OSDev.org

Posted: **Sat Jul 31, 2010 3:12 pm**

bontanu wrote:
Owen wrote: Complicating the processor if the application needs/benefits from it is not an issue
Yes... but it is not really needed just an old custom and it does occupy a lot of area in the CPU core and as the number of cores does increase this area does become a drag.

And there is another problem: those additional layers do reduce speed by approximatively 15% - 30% and in a world where the CPU frequency has reached the top limits this is a further problem.

My estimate is that paging and memory protection as we know it today will be dropped and instead we will see many more simple and faster cores that can be configured to execute a single process into a "zone" by a master CPU.

This trend is already visible.

You vastly overestimate the impact paging has on speed: Next to none. It adds latency, yes, but does not reduce speed

bontanu wrote:
Why must the address adders be able to perform 64 bit addition? You can cut out most of the logic for the bits above 47, reduce gate delayes and speed things up
I suggest that you understand electronics and CPU architecture better.

The address calculations for the instructions and operands are performed BEFORE the paging mechanism by the CPU.

Paging is only a translation mechanism that converts a logical address into a physical address.

Hence if you think a little you will observe that the adders already perform full 64bits additions (and yeah this does slow down 64 bits long mode)

For your example: mov rax, [rsi + 4*rbx + my_offset_32]

Here I can setup values in RSI and RBX that added together will generate an linear address of your choice... with whatever bit set or reset... obviously the adder must be able to perform the addition (think about LEA) even IF later on the paging mechanism will generate an address that is not canonical and eventually an exception.

Besides the current address limitations will most likely be removed and they will not redesign the CPU with each bit of address added.

Paging in not there to simplify the CPU. Limits on the physical address canonical form are but they will be slowly removed.

Bits propagate with adders / carry and NO you can not cut off bits above 47 )

Please stop assuming I don't understand electronics. I do, very well.

You can set up the logic in order to detect faults without calculating the results. This can be very fast. The knowledge required to do such things is very well known in the semiconductor industry, and I would expect AMD and Intel to have it.

As for performance? 64 bit arithmetic does not affect load-store performance. Most of the maths is done in parallel with fetching the TLB entries. The other bits only need to match the latency of the TLB. You can delay taking the exception for quite a while.

bontanu wrote:
Every mode switch requires circuitry to appropriately maintain the pipelines to preserve the image of in-order execution. That's a non-trivial cost, particularly in testing
Yes but the mode change is only done once at OS startup and left in place for ever after. The circuits are bad at predicting this even today. You are required to help them a little by writing bits in control registers and performing a long jump. It is not something that is expected to happen at every instruction... not even twice in an hour ... hence not a big problem.

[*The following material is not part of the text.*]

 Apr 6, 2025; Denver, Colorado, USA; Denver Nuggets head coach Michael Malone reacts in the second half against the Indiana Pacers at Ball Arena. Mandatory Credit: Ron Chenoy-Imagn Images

Stop trying to justify forcing paging on long mode from an architectural point of view. There is no logical reason to have paging forced in there... nothing other than a very small benefit and mostly because "AMD said so" when they designed long mode.

You're missing something: Intel and AMD have to test their CPUs to make sure that under no conditions does a valid instruction cause an error. In other words, that an OS generally does something only at CPU startup does not reduce testing load. Prediction does not come into this; enforcing full pipeline serialization does.

bontanu wrote:
Segmentation will only be resurrected if you kill C, C++ and Fortran.
Well you do not understand the concept of segmentation.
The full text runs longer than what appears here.